Exercise brief = Each line below from the "Window Estimate Form Template" line through the "Gymnastik Pastel Lila" line, those two included, must be restated word for word; the pictures must not be.

Dataset extract =
>>
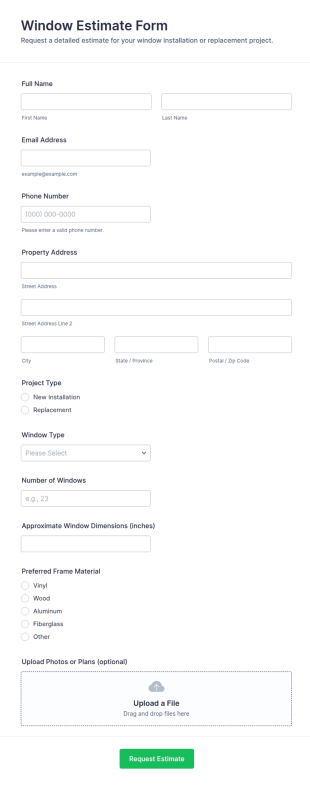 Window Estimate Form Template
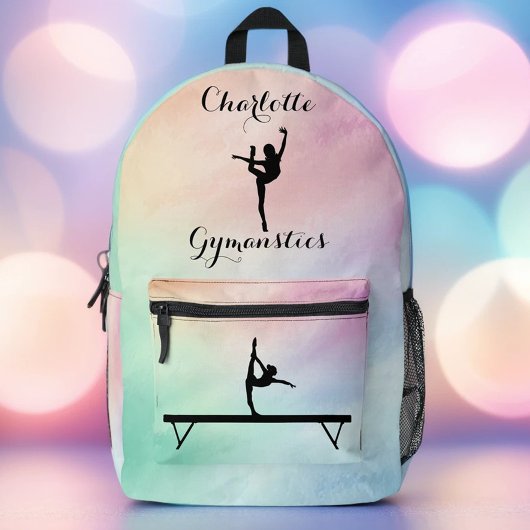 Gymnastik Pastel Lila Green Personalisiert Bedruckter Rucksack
<<
>>
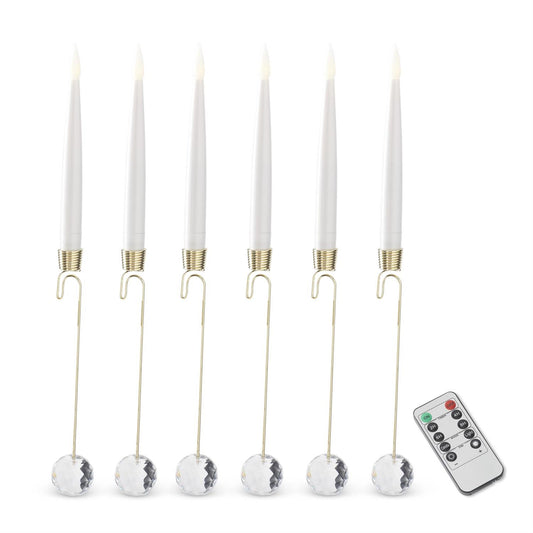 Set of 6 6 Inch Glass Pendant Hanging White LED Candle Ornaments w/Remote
<<
Solution to the problem =
 Window Estimate Form Template
 Gymnastik Pastel Lila Green Personalisiert Bedruckter Rucksack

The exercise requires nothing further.